Il faut dire que l’un des pères de l’écologie politique française, José Bové, en était l’un des porte-parole entre 2000 et 2004. Et les drapeaux jaunes accompagnent souvent les mobilisations écologistes, comme à Sainte-Soline où le syndicat était présent pour manifester contre les mégabassines. Sans surprise, c’est donc à leurs côtés que les élus de gauche se pressent. Exemple ci-dessous avec Mathilde Panot, présidente du groupe LFI à l’Assemblée nationale, en Ile-et-Vilaine.

La Macronie hors des représentations syndicales

En se rendant en Haute-Garonne aux côtés de Jérôme Bayle, éleveur qui s’est imposé comme l’un des visages d’une contestation spontanée, Gabriel Attal a fait le choix d’une approche qui se passe de la médiation du monde syndical, lui-même divisé. Une stratégie qui peut s’expliquer par la volonté de percer le front de la contestation, tout en s’extirpant des agendas politiques et idéologiques de chaque formation agricole, puisque l’ex-rugbyman se disait « dégagé du discours syndical habituel ». De là à y voir une tendance macroniste à négliger les corps intermédiaires, il n’y a qu’un pas.

Car malgré l’effet médiatique, l’opération a mécontenté le premier syndicat du secteur, la FNSEA, qui a décidé en réponse de renforcer la mobilisation, qui prend désormais la direction de la capitale. Autre effet dommageable, les procès en trahison instruits par de nombreux commentateurs. Des attaques qui ont scandalisé le ministre de l’Agriculture, Marc Fesneau. « Les attaques contre Jérôme Bayle sont dégueulasses. Mettre en doute sa sincérité, c’est mettre en doute la sincérité de l’ensemble des agriculteurs », a répliqué le ministre, en prenant la défense de l’éleveur bovin.

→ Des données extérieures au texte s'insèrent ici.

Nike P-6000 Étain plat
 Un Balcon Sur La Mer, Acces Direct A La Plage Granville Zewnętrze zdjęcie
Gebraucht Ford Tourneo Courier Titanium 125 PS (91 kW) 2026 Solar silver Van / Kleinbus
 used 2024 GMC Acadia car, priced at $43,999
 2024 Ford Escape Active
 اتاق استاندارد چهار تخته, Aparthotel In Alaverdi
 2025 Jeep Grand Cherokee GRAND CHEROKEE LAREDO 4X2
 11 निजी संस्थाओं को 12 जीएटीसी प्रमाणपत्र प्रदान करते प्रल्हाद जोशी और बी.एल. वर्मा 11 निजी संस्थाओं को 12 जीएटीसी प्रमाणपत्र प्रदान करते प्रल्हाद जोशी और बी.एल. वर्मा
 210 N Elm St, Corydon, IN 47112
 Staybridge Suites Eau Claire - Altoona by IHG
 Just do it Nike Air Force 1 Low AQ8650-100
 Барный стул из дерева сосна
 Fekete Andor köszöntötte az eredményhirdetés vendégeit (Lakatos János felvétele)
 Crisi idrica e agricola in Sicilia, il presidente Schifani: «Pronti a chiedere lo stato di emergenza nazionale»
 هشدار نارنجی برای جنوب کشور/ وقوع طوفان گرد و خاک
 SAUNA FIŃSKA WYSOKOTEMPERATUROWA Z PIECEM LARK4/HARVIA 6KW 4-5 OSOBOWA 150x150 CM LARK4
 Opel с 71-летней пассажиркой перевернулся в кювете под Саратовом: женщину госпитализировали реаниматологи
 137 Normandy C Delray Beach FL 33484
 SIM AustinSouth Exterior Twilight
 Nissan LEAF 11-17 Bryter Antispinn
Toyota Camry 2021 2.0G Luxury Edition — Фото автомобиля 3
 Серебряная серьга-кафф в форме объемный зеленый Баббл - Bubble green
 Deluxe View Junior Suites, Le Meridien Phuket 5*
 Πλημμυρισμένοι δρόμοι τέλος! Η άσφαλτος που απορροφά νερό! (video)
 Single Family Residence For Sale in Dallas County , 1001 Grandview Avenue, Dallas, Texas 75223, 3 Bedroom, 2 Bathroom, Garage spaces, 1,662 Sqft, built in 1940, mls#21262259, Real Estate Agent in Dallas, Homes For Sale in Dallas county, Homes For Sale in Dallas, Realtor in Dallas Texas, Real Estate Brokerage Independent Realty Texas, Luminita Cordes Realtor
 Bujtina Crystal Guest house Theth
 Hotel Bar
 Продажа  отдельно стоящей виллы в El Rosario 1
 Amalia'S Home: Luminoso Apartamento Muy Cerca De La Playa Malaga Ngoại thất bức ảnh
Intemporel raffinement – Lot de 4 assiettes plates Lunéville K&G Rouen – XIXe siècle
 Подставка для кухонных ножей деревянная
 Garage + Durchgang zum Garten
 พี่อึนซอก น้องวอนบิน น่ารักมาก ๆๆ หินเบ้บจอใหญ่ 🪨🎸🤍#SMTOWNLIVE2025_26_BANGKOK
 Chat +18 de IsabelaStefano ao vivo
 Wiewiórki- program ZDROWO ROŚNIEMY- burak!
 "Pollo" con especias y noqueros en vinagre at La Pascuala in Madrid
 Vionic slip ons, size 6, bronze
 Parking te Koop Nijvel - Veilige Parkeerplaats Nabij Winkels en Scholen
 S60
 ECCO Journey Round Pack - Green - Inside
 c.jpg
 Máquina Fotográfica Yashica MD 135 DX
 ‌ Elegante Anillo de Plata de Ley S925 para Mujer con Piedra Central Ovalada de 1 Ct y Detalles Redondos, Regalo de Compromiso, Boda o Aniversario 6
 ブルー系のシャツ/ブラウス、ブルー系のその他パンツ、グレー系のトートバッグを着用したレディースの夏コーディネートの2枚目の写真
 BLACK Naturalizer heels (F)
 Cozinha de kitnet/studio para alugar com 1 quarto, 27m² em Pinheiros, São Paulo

À droite, l’agriculteur « entrepreneur » et la FNSEA

Chez Les Républicains, l’interlocuteur agricole de référence reste la FNSEA, l’ex-député LR Éric Diard expliquait en 2019 qu’il s’agissait d’un « réflexe » au sein du parti de droite. Et certains ténors LR, à l’image de Gérard Larcher, n’hésitent pas à s’afficher aux côtés du premier syndicat agricole. Pas étonnant dans ces circonstances de constater que le Livre blanc du groupe LR à l’Assemblée nationale pour sortir de la crise reprend de très nombreuses revendications de la FNSEA.

Révélé par Le Figaro, ce document comprend l’abrogation des surtranspositions administratives, le rétablissement de la niche fiscale sur le gazole non routier, la facilitation des projets de stockages d’eau, la suppression du pourcentage de terres laissées en jachère prévu par le green deal, l’instauration d’un moratoire sur les interdictions de produits phytosanitaires ou encore le placement de l’office de la biodiversité (OFB) sous l’autorité des préfets.

Une vision de l’agriculteur « entrepreneur », à qui l’État devrait s’employer à simplifier la vie, en levant le pied sur les règles, qu’elles soient fiscales ou environnementales. « Un changement radical s’impose ! Nos agriculteurs, en tant qu’entrepreneurs, méritent d’être traités avec respect et rémunérés équitablement pour leur travail. Ils doivent avoir une liberté d’entreprendre, en s’appuyant sur leur bon sens paysan ! », plaident Les Républicains. Du Arnaud Rousseau, président de la FNSEA, dans le texte.